Closed tykeal closed 3 years ago
@tykeal, could you describe the steps you took to force the default CA?
@oxc, I ended up having to do the following on my puppet controller:
sudo -i
cd /opt/acme.sh
./acme.sh --set-default-ca --server letsencrypt --home /etc/acme.sh
I also needed to do
./acme.sh --set-default-ca --server letsencrypt --home /etc/acme.sh --accountconf /etc/acme.sh/accounts/<registered_email>/account_production.conf
./acme.sh --set-default-ca --server letsencrypt --home /etc/acme.sh --accountconf /etc/acme.sh/accounts/<registered_email>/account_staging.conf
The first one just fixes it for any new registered accounts. It didn't fix it for the already registered accounts.

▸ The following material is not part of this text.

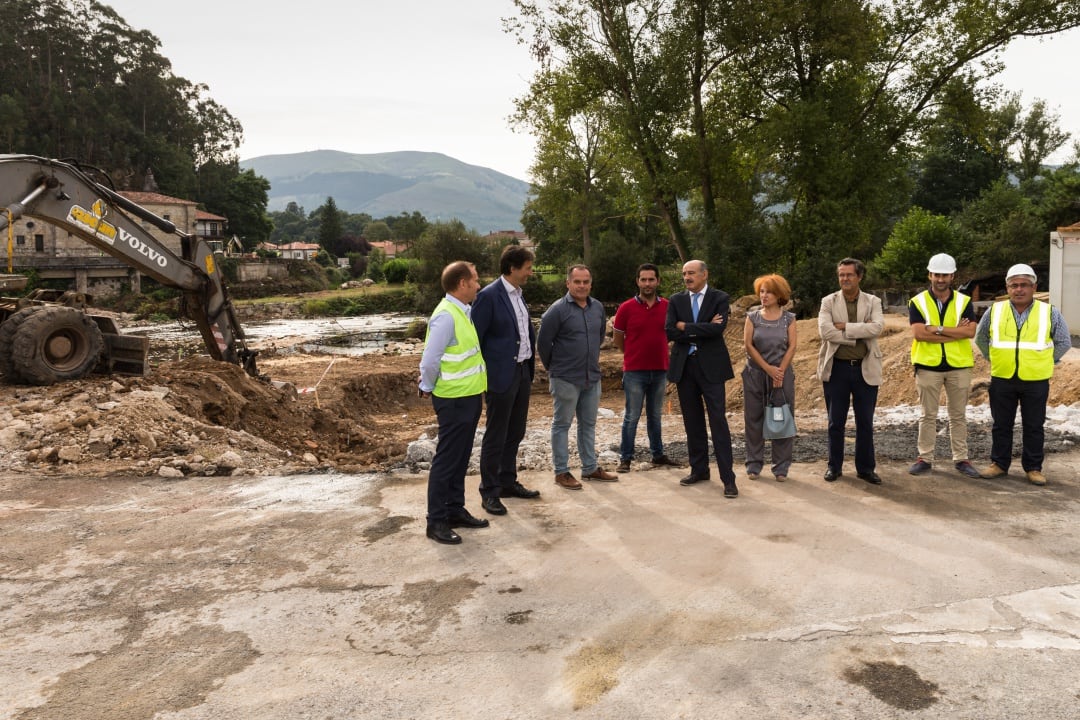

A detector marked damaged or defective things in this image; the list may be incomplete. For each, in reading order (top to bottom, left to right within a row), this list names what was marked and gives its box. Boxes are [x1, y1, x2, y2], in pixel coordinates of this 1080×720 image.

cracked concrete surface [2, 453, 1080, 716]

I'll note I discovered this because of some upgrades I was doing and it caused my acme.sh install to get fully updated to latest. It then tried to use zerossl even though according to the documentation it's supposed to use whatever registrar your certs are with but it kept failing because I have not actively registered a zerossl account which seems to be required.
I'll add new parameters to specify the CA and it will of course default to Let's Encrypt.
I'll note that according to the help in acme.sh it's possible to pass the server as a CLI parameter, so maybe that would be the best way forward for all the calls that are generated by the module? Alternatively, if the default CA does get set then when doing CLI troubleshooting it would be easier ;)
Thanks for the hint. That's how I've implemented it. Give me some time to test it before issueing a new release.
Version 3.0.0 has just been release, it should fix this issue. In order to properly address this I had to introduce some backwards-incompatible changes, but I think this aligns with the recent changes in acme.sh and is acceptible with this regard.
Please let me know if you find any issues in the new release, I'm prepared to issue a hotfix.
New versions of acme.sh now default to zerossl which fails, especially if you've been using LetsEncrypt for a while.
It would be good to add configuration to the module to allow selecting of the different CAs. Right now the only option is 'production' or 'staging' and that assumes an LE CA. However, acme.sh now has support for several different servers other than just LE.
See: https://github.com/acmesh-official/acme.sh/wiki/Server
I had to go force my default ca on my account configs to get around this after doing an upgrade!